Although religion has played a significant role in the legitimation of social stratification, the relationship between religion and class has to be seen in a dynamic and historical framework. There is a considerable collection of historical and sociological research findings that explore the social mobility of individuals and groups as a consequence of their conversion to evangelical Christian sects. H. Richard Niebuhr’s The Social Sources of Denominationalism (1957) is the classic illustration of this tradition in the sociology of religion. The basic argument is that ‘the churches of the disinherited’ have traditionally recruited from the poor and dispossessed through active evangelism. As a consequence of religious asceticism and education, individuals from the lower social classes move up the social scale. The same argument applies to the evangelical sects themselves which, as they become dominated by the lower-middle and middle classes, become more respectable. The process of denominationalization whereby sects acquire the characteristics of middle-class denominations in the United States has been paralleled to the social mobility of their individual members. The history of the Anabaptists, Quakers, Methodists, and Salvation Army exhibit this pattern of social change whereby sects become denominations (see Troeltsch 1931).

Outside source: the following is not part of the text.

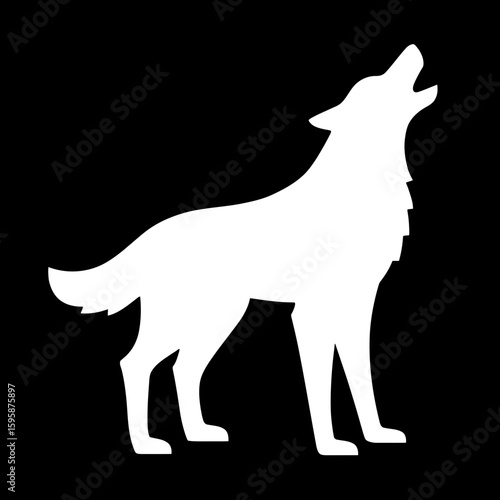 White wolf howls fiercely in dark wilderness background silhouette vector
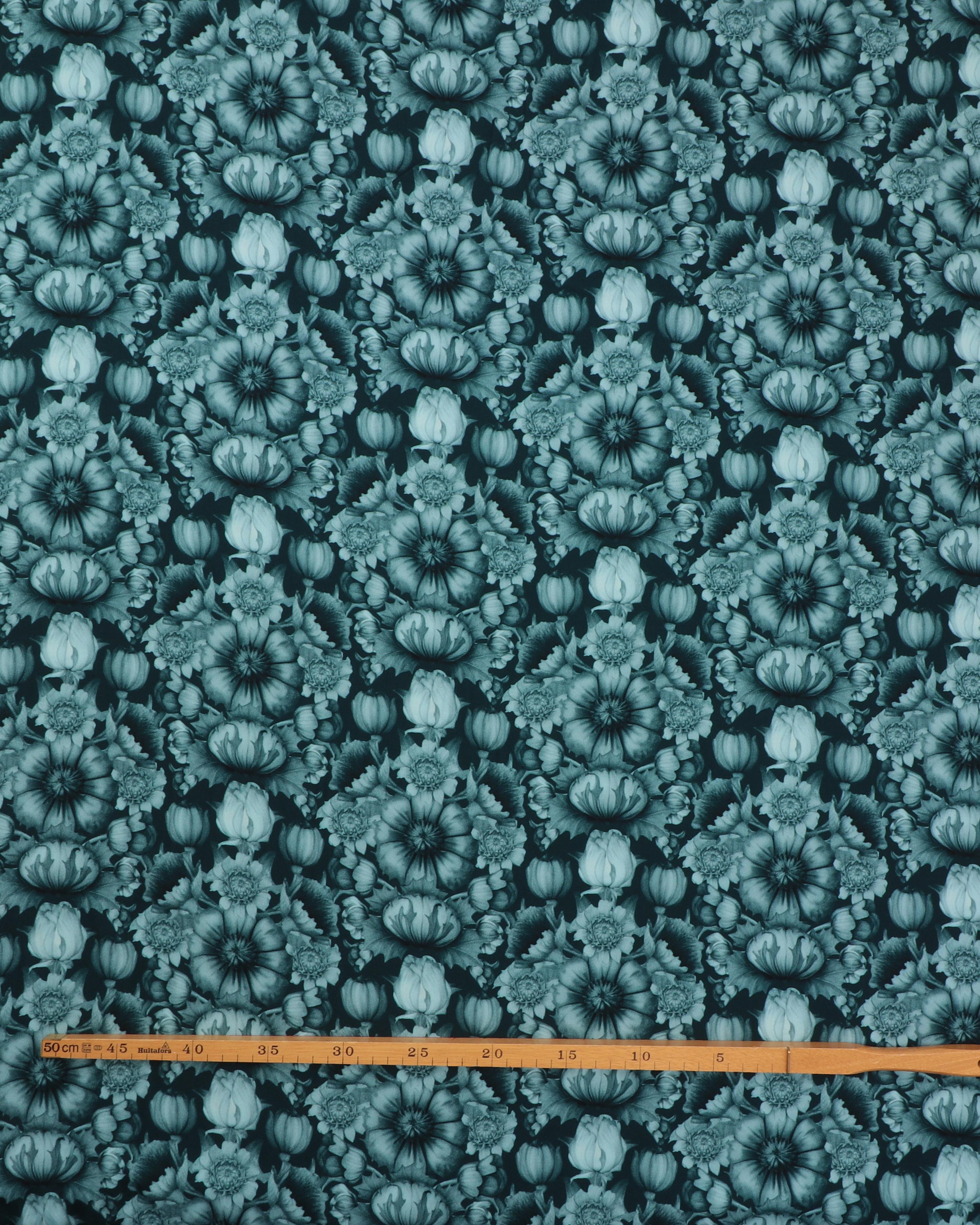 Blomster i blå farver - Twillvævet viskose 4 Blomster i blå farver - Twillvævet viskose - Billede 2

The churches of the middle class emphasize personal responsibility and individualism in theology, and restraint and formality in ritual. Their social teaching is concerned with individual behavior rather than with social redemption. The sects of the lower classes appeal to the deprivation of the poor through emotional preaching, healing practices, and a collective eschatology of redemption. However, because these evangelical sects typically socialize the disinherited into the dominant values of a society, the poor rise through the social scale as they acquire the habits of temperence and personal discipline (Johnson 1961). The education of the laity slowly replaces their conversion. There is some support from the history of the evangelical sects for Max Weber’s The Protestant Ethic and the Spirit of Capitalism because the personal discipline of the Protestant sects results in the social mobility of the disinherited into the lower and middle classes. Habits of saving, frugality, and temperance produced a reliable workforce that was compatible with the needs of capitalist discipline. In particular, the owners of industrial enterprises recognized that factory discipline could be maintained effectively through the employment of sober Christian workers (see Pope 1942).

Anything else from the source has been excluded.